A little debugging shows that the list checkpoints only contains 'virtnbdbackup.1' while the list is missing 'virtnbdbackup.0'. This might be the reason why the patch works and the original code doesn't.

abbbi commented 1 year ago

hi,

i still fail to reproduce this, 100 iterations are working just fine on my system and i have never seen such a behavior! Is /data/backup a local filesystem???

for I in $(seq 1 100); do ./virtnbdbackup -d vm1 -o /tmp/NEWBACKUP -l auto 2> /dev/null || echo "fail"; done

have never seen this happening, try to add some debug output in handleCheckpoints It really appears to me the filesystem in /data/ might not flush fast enough between runs.

Really, this is a strange case. The Process is as Follows:

1) virtnbdbackup checks the backup target directory 2) if backup level is auto, it is checked if already a full backup is within this directory 3) if full backup exists, it reads targetdir/virtualmachinename.cpt and prepares a list of checkpoints 4) if already an checkpoint exists, the checkpoint name is raised by 1 5) backup is executed and after it finishes, checkpoint file is re-written with appended new checkpoint.

The main problem here is that im unable to reproduce this situation, and i wont simply pull in some fixes before knowing the exact reasoning for what is happening here.

mortenmathiasen commented 1 year ago

Flushing is ok as all checkpoints appear in file listings. Maybe the issue is related to be that I do remote backup or that I am using OracleLinux?

abbbi commented 1 year ago

You are doing an remote backup, might be the reason i cant reproduce, this looks suspicous:

    checkpoints: List[str] = []                                                     
    if not lib.exists(args, cFile):                                                                                                                                                                                                                                              
        return checkpoints 

if sshClient connection is active, might be the case that it checks for the checkpoint file on the remote system, not locally and then responds with an empty checkpoint list

abbbi commented 1 year ago

can you check if the commit in mentioned branch fixes this issue for you?
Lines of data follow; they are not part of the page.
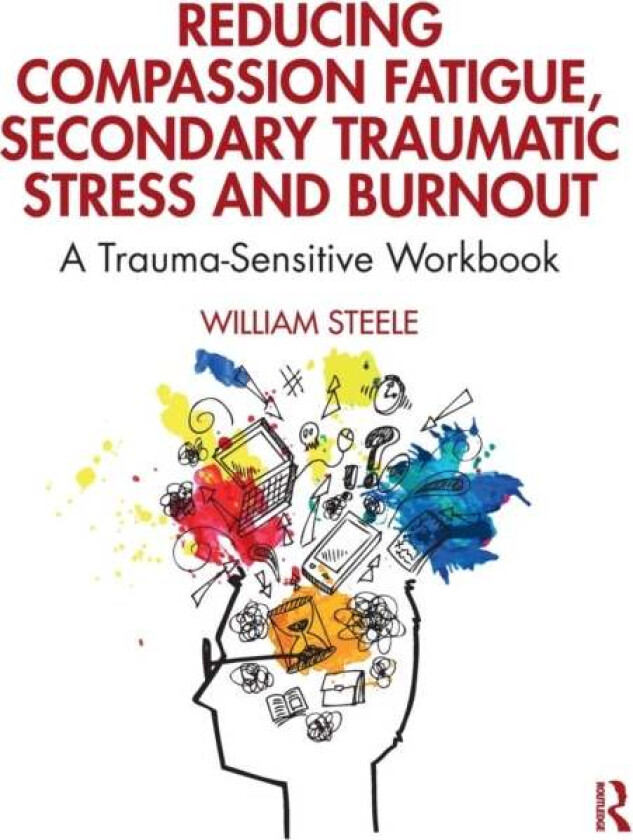 Reducing Compassion Fatigue, Secondary Traumatic Stress, and Burnout av William (National Institute for Trauma and Loss in Children Michigan USA) Stee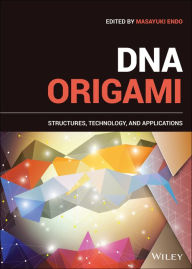Title: DNA Origami: Structures, Technology, and Applications, Author: Masayuki Endo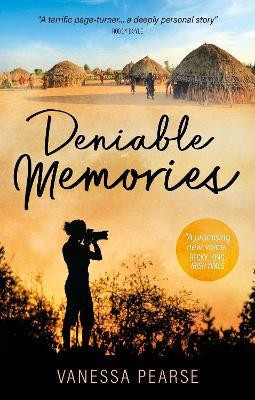 Vanessa Pearse / Deniable Memories (Large Paperback)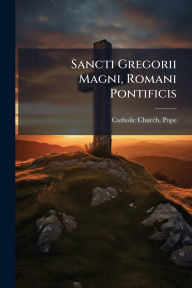 Title: Sancti Gregorii Magni, Romani Pontificis, Author: Catholic Church Pope (590-604 Greg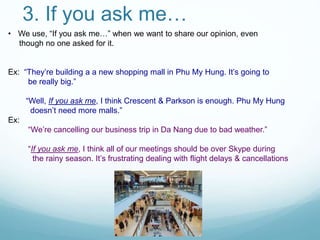3. If you ask me…
• We use, “If you ask me…” when we want to share our opinion, even
though no one asked for it.
Ex: “They’re building a a new shopping mall in Phu My Hung. It’s going to
be really big.”
“Well, If you ask me, I think Crescent & Parkson is enough. Phu My Hung
doesn’t need more malls.”
Ex:
“We’re cancelling our business trip in Da Nang due to bad weather.”
“If you ask me, I think all of our meetings should be over Skype during
the rainy season. It’s frustrating dealing with flight delays & cancellations
 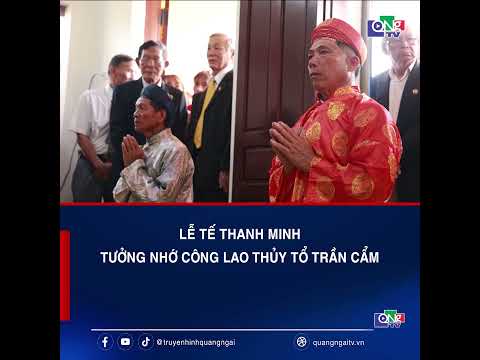 Lễ tế thanh minh tưởng nhớ công lao Thủy tổ Trần Cẩm | QNgTV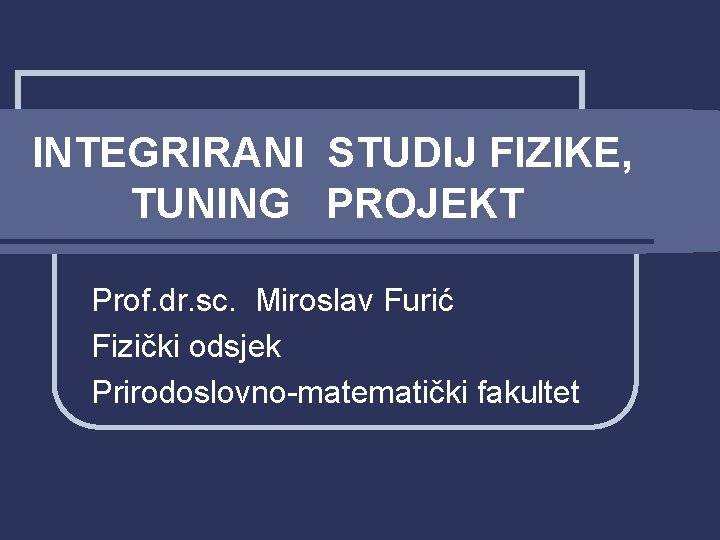 INTEGRIRANI STUDIJ FIZIKE, TUNING PROJEKT Prof. dr. sc. Miroslav Furić Fizički odsjek Prirodoslovno-matematički fakultet INTEGRIRANI STUDIJ FIZIKE, TUNING PROJEKT Prof. dr. sc. Miroslav Furić Fizički odsjek Prirodoslovno-matematički fakultet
mortenmathiasen commented 1 year ago

Just a moment ...

abbbi commented 1 year ago

just another, push, messed up arguments ;) branch issue89 should hopefully fix this issue

mortenmathiasen commented 1 year ago

Traceback (most recent call last): File "/bin/virtnbdbackup", line 1088, in main() File "/bin/virtnbdbackup", line 594, in main handleCheckpoints(args, virtClient, domObj) File "/bin/virtnbdbackup", line 158, in handleCheckpoints checkpoints: List[str] = readCheckpointFile(args, cptFile) File "/bin/virtnbdbackup", line 131, in readCheckpointFile if not lib.os.path.exists(args, cFile): TypeError: exists() takes 1 positional argument but 2 were given

abbbi commented 1 year ago

pull again, as noted in comment above

mortenmathiasen commented 1 year ago

Great! Branch fix solved the issue :-)